I was born and raised in Columbia, South Carolina, before earning my B.A. from the University of South Carolina and my Psy. D. from George Washington University, where I was dually enrolled in GWU’s LGBTQ Health and Policy Program. After graduating, I worked as a Postdoctoral Fellow at Therapy Group DC. As a doctoral student, I worked at The Center Clinic, helping socioeconomically-challenged patients from all walks of life. I completed my APA accredited internship at the University of Illinois at Chicago where I worked at UIC’s Student Counseling Office, which serves one of the most diverse student bodies in the country. My experience has helped me provide care for LBGTQIA+ community members, BIPOC patients, trauma survivors, and anyone looking to find ways of transcending pain to live fulfilling lives.
I couple my educational background with immense passion for the work: I became a psychologist because I believe deeply in the transformative impact of therapy because I have witnessed first-hand just how life-changing it can be.

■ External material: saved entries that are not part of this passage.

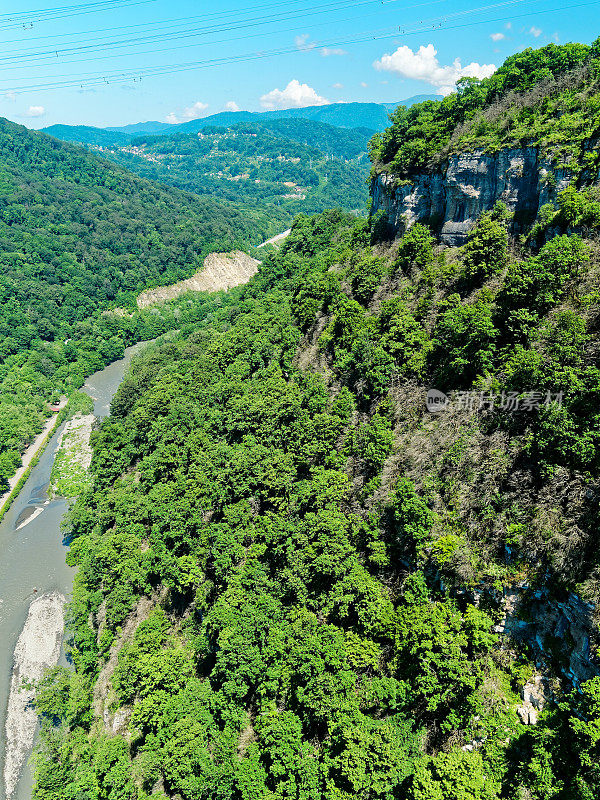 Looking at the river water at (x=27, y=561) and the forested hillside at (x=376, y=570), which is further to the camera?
the river water at (x=27, y=561)

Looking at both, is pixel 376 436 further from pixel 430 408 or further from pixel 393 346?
pixel 393 346

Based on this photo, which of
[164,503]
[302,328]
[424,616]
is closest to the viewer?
[424,616]

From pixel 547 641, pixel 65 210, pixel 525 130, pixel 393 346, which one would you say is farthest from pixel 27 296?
pixel 547 641

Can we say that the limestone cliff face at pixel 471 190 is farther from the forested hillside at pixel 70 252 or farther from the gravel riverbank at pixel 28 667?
the forested hillside at pixel 70 252

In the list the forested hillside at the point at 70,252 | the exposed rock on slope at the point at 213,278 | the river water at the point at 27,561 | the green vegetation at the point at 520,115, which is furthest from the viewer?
the exposed rock on slope at the point at 213,278

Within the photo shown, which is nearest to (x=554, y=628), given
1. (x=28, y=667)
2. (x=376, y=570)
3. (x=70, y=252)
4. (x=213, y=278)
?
(x=376, y=570)

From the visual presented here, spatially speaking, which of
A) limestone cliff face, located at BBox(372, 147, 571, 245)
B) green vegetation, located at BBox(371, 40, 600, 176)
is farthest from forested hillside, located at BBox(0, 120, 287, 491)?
green vegetation, located at BBox(371, 40, 600, 176)

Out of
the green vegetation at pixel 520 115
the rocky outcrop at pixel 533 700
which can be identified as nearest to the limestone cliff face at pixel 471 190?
the green vegetation at pixel 520 115

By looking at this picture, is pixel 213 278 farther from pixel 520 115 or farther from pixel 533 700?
pixel 533 700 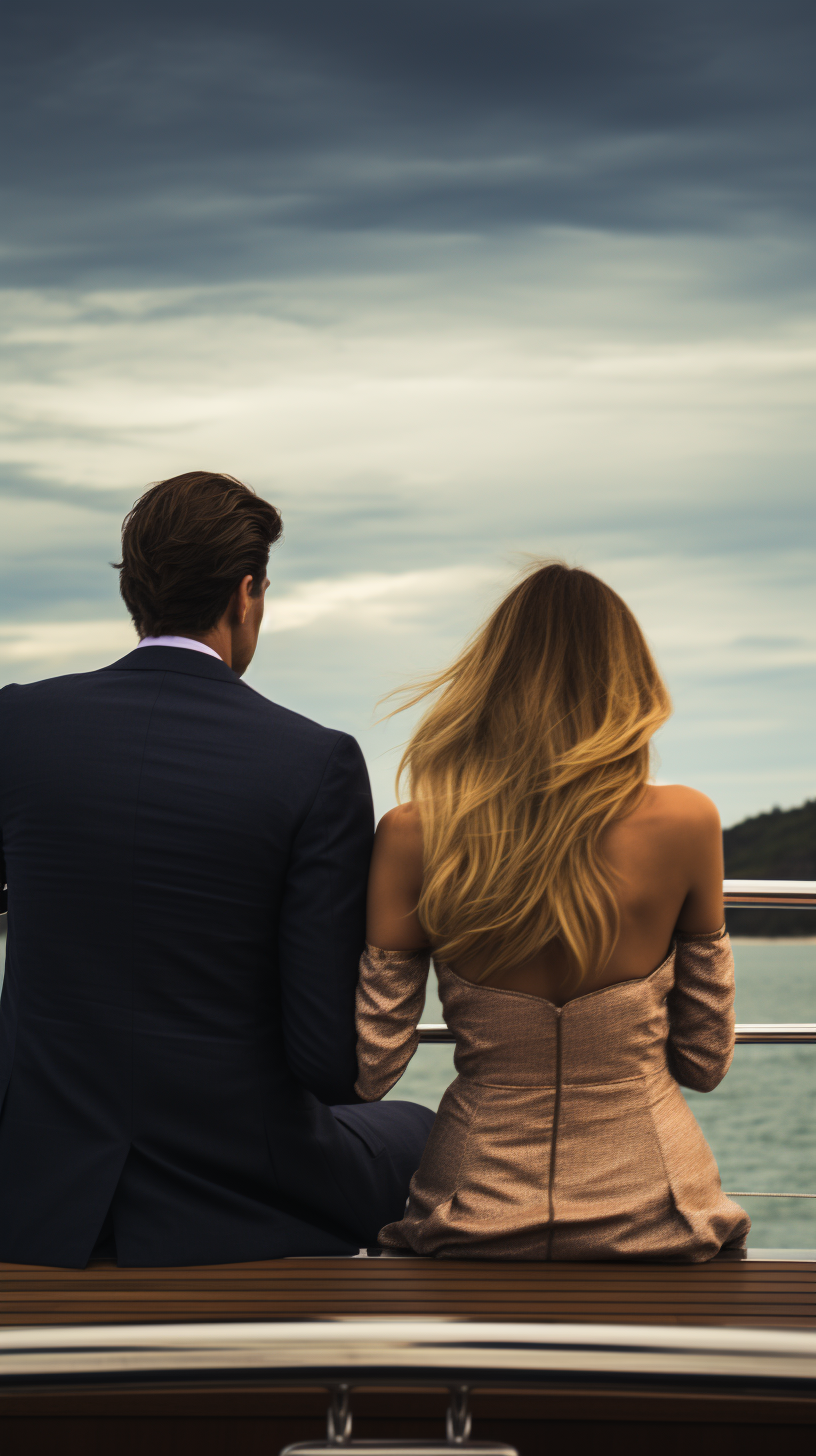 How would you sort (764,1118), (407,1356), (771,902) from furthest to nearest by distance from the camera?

As a member of the LGBTQIA+ community (Bisexual, Questioning, Fluid), a trauma survivor, and someone with a chronic pain disorder, I approach the work that I do from a place of empathy and personal understanding. I have an intense passion for understanding personal identity and the way race, culture, class, and sexuality come together to form what we believe about ourselves and what we feel we can accomplish in our lives personally and professionally. It is my belief that our identities, both what we show the world and who we are on the inside, are a mosaic of memory and experience that begins in early childhood and continues throughout our lives. In a therapeutic relationship, we can uncover the patterns of behavior that are a result of these experiences while we differentiate between behaviors that serve us and behaviors that hinder us. Oppression and racial injustice shape our internal and external world and I believe addressing and speaking to differences is a powerful tool to help anyone seeking counseling. Through the power of connection and communication, we can heal old wounds and face moments of pain together as we seek to accomplish any goals you may have set for yourself when you decided to seek therapy.
My educational background is steeped in psychodynamic theory, identifying patterns from childhood, and working to break through harmful paradigms. However, I am dedicated to meeting my clients where they are, and I can bring a number of therapeutic modalities into our sessions, including Dialectical Behavior Therapy (DBT), Trauma Based Approaches, Cognitive Behavior Therapy (CBT). These varied interventions have proven invaluable to my psychotherapeutic work and have shown me the importance of a flexible, multidisciplinary approach.
I am married to my partner Elizabeth, and we live in DuPont Circle with our three cats, Lenin, George, and Indy, and my service dog, Arrow. Arrow is a standard poodle who was extensively trained to help me with intermittent chronic pain, joint instability, and adrenal function. He provides deep pressure therapy (not unlike a weighted blanket) and is attuned to me and what’s going on inside of my body, which allows me to pay more attention to my patients and focus less on what’s going on internally. With attunement to me comes attunement to others, and often, when patients are feeling an intense emotional experience, Arrow will seek to comfort them (always asking permission first!) He is very open to responding to other people asking for help, and his presence is calming, allowing them to feel safer and more open to discussing difficult topics.
I practice in Washington, DC as a Psychology Associate (Number: PSYA00284) under the direct supervision of Licensed Psychologists Dr. Stacey Dershewitz Psy. D. (PSY100960) and Dr. Michael Magenheimer Psy. D. (PSY1001261).